An Exabyte-a-day

snp microarray data by mararie (cc) (from flickr)
snp microarray data by mararie (cc) (from flickr)

At HPTechDay this week Jim Pownell, office of CTO, HP StorageWorks Division, reported on an IDC study that said this year the world is creating about an Exabyte of data each day.  An Exabyte (XB) is 10**18 bytes or 1000 PB of data.  Seems a bit high from my perspective.

Data creation by individuals

Population Growth and Income Level Chart by mattlemmon (cc) (from flickr)
Population Growth and Income Level Chart by mattlemmon (cc) (from flickr)

The US Census bureau estimates todays worldwide population at around 6.8 Billion people. Given that estimate, the XB/day number says that the average person is creating about 150MB/day.

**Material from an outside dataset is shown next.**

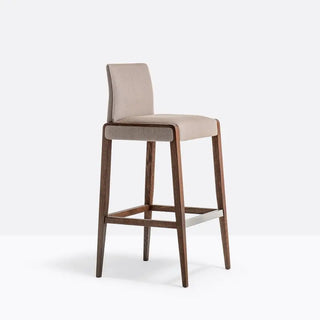 Pedrali Jil 526 upholstered stool with oak wood frame - Buy now on ShopDecor - Discover the best products by PEDRALI design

Now I don’t know about you but we probably create that much data during our best week. That being said our family average over the last 3.5 years is more like 30.1MB/day. This average, over the last year, has been closer to 75.1MB/day (darn new digital camera).

If I take our 75.1 MB/day as a reasonable approximate average for our family and with 2 adults in our family, this would say each adult creates ~37.6MB of data per day.

Probably about 50% of todays world wide population probably has no access to create any data whatsoever. Of the remaining 50%, maybe 33% is at an age where data creation is insignificant. All this leaves about 2.3B people actively creating data at around 37.6MB/day. This would account for about 86.5PB of data creation a day.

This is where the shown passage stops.